This of course laid the foundation for my life long love of shiny new electronics.
I met my wife in 2008 and started dating in 2009. In 2010, I moved into her 2 bedroom 1300sq ft townhouse. I brought with me my Sony HTIB and my 60" Vizio LCD. But I did so knowing that it was soon time to upgrade. The HTIB was fine for my tiny 1 bedroom apartment but was quickly underwhelming in the open floor plan lower level of the townhouse. So I began to slowly piece together a relatively modest home theater for the living room.

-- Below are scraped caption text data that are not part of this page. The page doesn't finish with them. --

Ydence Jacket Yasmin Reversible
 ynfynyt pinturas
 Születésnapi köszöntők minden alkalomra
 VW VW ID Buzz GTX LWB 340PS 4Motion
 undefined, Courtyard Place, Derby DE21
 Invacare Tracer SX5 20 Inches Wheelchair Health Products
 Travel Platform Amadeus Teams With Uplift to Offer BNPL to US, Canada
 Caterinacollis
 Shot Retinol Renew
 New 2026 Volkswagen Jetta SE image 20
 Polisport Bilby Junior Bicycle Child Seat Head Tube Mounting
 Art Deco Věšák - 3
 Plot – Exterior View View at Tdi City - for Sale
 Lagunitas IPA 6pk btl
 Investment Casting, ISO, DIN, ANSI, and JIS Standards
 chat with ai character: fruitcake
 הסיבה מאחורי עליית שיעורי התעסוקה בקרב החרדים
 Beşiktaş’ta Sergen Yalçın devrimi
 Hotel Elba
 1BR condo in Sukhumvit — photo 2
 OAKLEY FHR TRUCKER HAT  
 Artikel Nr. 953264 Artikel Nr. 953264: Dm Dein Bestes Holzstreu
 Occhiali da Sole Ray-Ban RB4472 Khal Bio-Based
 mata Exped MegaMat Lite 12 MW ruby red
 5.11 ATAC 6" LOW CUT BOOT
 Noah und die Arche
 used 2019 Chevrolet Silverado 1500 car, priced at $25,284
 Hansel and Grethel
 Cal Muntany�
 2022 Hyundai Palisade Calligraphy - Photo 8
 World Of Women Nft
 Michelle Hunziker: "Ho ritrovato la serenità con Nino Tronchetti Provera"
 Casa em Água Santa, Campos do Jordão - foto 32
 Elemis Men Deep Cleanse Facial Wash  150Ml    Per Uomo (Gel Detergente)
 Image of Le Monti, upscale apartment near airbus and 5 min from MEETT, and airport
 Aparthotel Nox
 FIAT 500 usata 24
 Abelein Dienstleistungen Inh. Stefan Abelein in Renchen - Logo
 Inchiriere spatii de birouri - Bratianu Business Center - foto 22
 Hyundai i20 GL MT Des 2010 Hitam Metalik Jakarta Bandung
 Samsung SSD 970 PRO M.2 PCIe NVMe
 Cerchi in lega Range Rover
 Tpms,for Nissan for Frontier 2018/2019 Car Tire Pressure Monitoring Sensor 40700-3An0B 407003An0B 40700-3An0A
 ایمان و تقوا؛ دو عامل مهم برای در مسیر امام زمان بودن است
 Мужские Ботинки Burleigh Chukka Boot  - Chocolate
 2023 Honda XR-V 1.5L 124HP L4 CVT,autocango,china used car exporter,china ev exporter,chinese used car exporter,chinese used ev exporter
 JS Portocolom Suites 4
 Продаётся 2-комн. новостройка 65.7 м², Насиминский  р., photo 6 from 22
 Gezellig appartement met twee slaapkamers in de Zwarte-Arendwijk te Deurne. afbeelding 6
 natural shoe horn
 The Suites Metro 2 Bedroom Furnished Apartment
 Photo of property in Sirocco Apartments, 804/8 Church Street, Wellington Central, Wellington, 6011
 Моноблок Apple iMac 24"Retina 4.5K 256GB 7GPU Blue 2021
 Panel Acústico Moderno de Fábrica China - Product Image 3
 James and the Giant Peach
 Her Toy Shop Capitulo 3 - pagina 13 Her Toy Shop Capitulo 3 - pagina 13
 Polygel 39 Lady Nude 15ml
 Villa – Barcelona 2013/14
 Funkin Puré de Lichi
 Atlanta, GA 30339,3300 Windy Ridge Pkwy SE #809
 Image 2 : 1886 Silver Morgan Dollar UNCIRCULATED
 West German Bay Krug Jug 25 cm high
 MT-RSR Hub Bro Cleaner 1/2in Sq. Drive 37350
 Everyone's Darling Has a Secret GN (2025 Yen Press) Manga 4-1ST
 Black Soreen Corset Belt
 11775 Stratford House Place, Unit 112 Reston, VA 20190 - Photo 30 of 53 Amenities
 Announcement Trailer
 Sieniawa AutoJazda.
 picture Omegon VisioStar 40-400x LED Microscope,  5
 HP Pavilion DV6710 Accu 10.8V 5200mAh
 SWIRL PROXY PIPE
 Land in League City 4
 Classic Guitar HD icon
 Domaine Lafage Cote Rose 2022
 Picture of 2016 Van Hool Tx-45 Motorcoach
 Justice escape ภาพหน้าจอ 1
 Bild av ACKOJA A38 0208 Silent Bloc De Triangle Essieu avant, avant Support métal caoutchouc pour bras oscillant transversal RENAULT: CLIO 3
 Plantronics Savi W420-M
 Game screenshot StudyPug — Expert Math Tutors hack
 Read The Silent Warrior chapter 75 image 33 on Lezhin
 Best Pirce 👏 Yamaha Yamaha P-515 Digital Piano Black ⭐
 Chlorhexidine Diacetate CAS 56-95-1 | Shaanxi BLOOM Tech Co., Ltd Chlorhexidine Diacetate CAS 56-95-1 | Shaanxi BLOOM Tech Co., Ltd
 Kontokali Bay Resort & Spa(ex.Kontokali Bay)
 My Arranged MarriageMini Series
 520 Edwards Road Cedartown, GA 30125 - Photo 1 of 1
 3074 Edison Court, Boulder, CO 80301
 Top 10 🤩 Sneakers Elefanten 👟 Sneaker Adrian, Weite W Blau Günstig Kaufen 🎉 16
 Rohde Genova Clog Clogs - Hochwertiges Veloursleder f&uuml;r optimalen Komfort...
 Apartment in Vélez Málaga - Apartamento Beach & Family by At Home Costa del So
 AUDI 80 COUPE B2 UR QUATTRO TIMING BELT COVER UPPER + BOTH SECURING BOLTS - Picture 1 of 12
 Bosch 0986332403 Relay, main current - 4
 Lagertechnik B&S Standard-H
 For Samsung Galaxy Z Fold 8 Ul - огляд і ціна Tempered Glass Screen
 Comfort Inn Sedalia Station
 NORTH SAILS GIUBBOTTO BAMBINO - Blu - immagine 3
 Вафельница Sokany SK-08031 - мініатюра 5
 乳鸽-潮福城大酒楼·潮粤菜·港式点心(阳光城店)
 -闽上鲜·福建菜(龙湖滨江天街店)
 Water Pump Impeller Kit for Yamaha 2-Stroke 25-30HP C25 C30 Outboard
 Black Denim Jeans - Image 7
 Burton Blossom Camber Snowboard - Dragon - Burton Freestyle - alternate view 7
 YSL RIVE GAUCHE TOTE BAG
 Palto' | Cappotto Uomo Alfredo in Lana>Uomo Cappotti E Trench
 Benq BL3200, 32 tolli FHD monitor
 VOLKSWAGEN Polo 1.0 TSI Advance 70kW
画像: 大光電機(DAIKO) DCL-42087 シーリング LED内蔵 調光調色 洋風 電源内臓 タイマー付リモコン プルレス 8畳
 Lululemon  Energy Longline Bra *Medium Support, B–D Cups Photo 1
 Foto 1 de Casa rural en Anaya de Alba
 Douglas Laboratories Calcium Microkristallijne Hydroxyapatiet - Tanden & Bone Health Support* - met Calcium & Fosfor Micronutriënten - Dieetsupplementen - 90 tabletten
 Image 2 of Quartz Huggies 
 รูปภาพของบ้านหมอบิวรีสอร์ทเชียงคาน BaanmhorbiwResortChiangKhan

In March of 2015, on my birthday in fact, we hosted one of the stops on the Central Iowa Home Theater Crawl and enjoyed the feedback we had from the folks who visited our modest living room theater. There was a little bit of drama the week before the crawl as Vizio pushed a software update to my (at the time) 65" TV. This bricked the TV and the only way to fix it was to replace the main board. I found one on eBay cheap but it would not be there in time for the crawl. So my wife and I hustled off to Costco and ended up buying a 70" UHD Vizio (I love the price
erformance ratio of the brand). Once home and back up and running, I realized that the Yamaha AVR I had at the time was not 4k pass-through capable...so of course, I swapped it out with a Denon AVR-X4100W. A quick and dirty Audyssey run later and we were ready for the crawl.
On Easter Sunday of that same year, my wife went downstairs to feed our pets only to discover that there was standing water in our under stair closet, half the dining room and part of the kitchen. Our floating laminate flooring in the dining room was literally floating. Long story short, urns out that Lowes had damaged the ice maker water line when installing our new fridge and it developed a slow leak that ultimately caused $5800 worth of damage. Lowes made good on it and paid us out in a check for the damages along with a $1500 gift card to Lowes.
This gave us the opportunity to start our living room/kitchen/dining room earlier than we had planned. We replaced the flooring, granite counters in the kitchen and a stainless steel backsplash. In the living room and dining room, we installed faux stone along the entire length of the back wall.
So this was the first "final" edition of our home theater. It worked well and got good feedback from our friends who came to watch movies. It was also virtually flat from 1k on up. @Archaea did some captures on the crawl and this is what my humble adobe looked like...
(Continued)
Backstory:
I have been into home audio and big TVs since my early years. My grandpa was a DIY guy to the core and he had built tube amps, speakers, etc. for as long as I can remember. He introduced me very early on to the soldering iron and to music in general.
In junior high, I had a science teacher who was the same way and had a Dynaco ST-70 kit he had built and a pair of Klipschorns in his classroom. I don't remember the sources he used other than a tape deck and a turntable. But while we would be studying for one test or another, he would play Mozart, Bach, Brahms, Beethoven, Tchaikovsky, George Gershwin, Miles Davis...the list goes on and on...softly in the background.
Later on, in high school, my uncle and I would try to outdo each other with 2 channel systems. He usually won because he had his own business and my aunt was his sugar mama...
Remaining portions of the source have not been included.